2–1/4 lb chuck roast – trimmed and sliced into 1/2” X 3/4″ X 3/4″ bite size cubes
1 cup celery – chopped
2 garlic cloves – minced
1 cup carrot – chopped
1–1/4 cup pearl barley
3 TBL tomato paste
8 cups low sodium beef broth
1 TBL soy sauce
3 tsp worcestershire sauce
2 tsp fresh rosemary leaves – minced
2 tsp fresh thyme leaves – minced
3 TBL fresh parsley leaves
1 large yellow onion – chopped
3 TBL olive oil – divided
2 bay leaves
1 cup lillet rose wine aperitif
1–4 cups water – as needed for desired thickness
Salt and black pepper – to taste
Instructions
Cube the chuck roast and heat 1 tablespoon olive oil in a large dutch oven over medium high heat until very hot
Add half the beef, season with salt and pepper and sear without stirring – about 3 minutes
Stir or flip the beef and cook another 1-2 minutes.
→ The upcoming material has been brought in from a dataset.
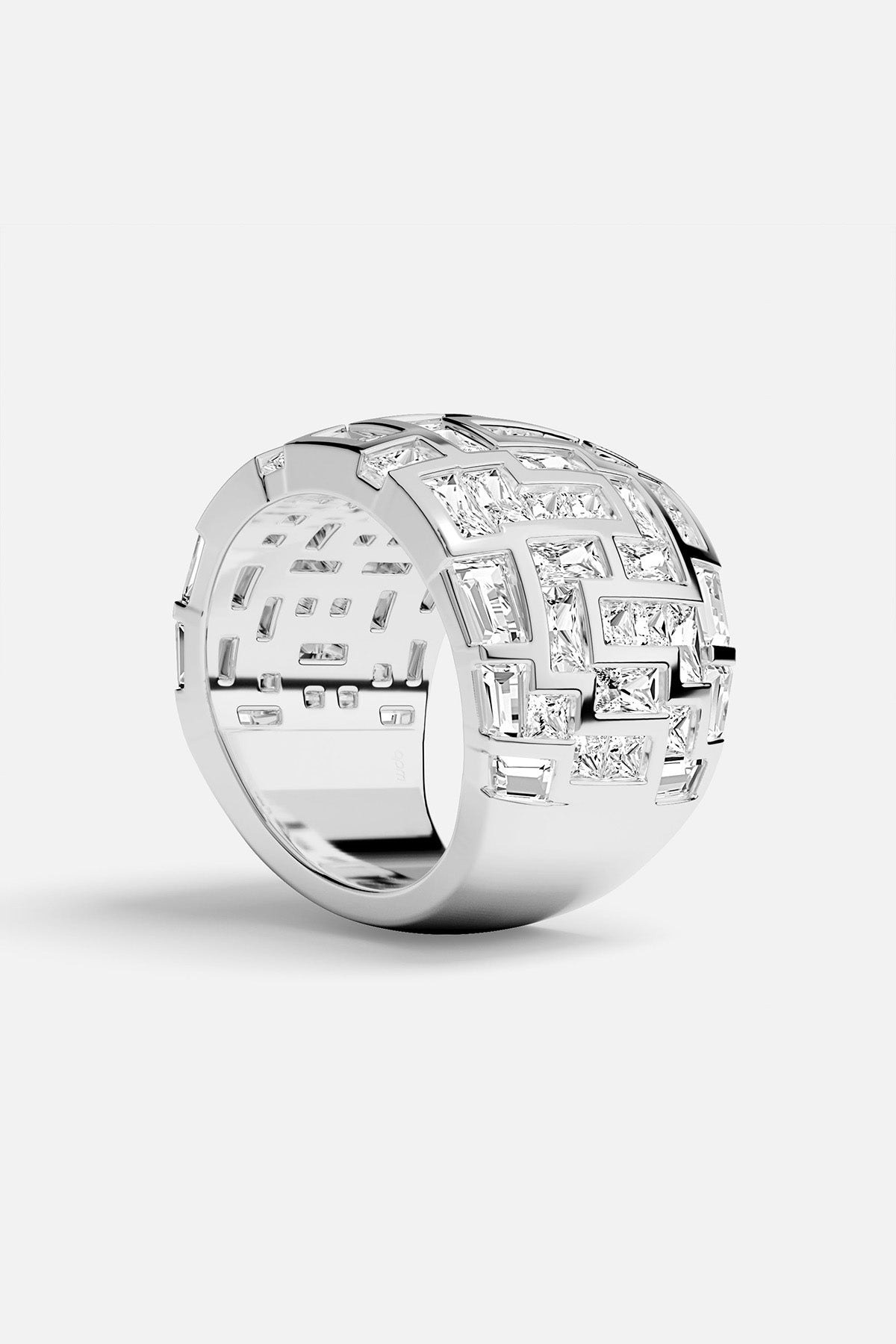 APM MONACO chunky ring in silver tone on a white background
Remove the beef and set aside
Add another tablespoon of oil, sear and season the remaining beef and set aside with the first batch
Reduce heat to medium, add another tablespoon of olive oil to the pot and saute the carrots, celery and onion for 3-4 minutes
Add the tomato paste and garlic, then saute the mixture another 1-2 minutes
Pour in the lillet rose and scrape to deglaze the pot, add the beef broth, worcestershire, soy sauce, bay leaves, rosemary and thyme
Stir and add the seared beef back to the pot
Bring the soup to a simmer then reduce heat to low, cover and simmer until beef is almost tender, about 60 minutes
Rinse then add the pearl barley, cover and simmer until cooked through and beef is tender, about another 45-60 minutes longer. Adjust water at the 30 minute mark to your desired level of thickness as the barley absorbs liquid and expands.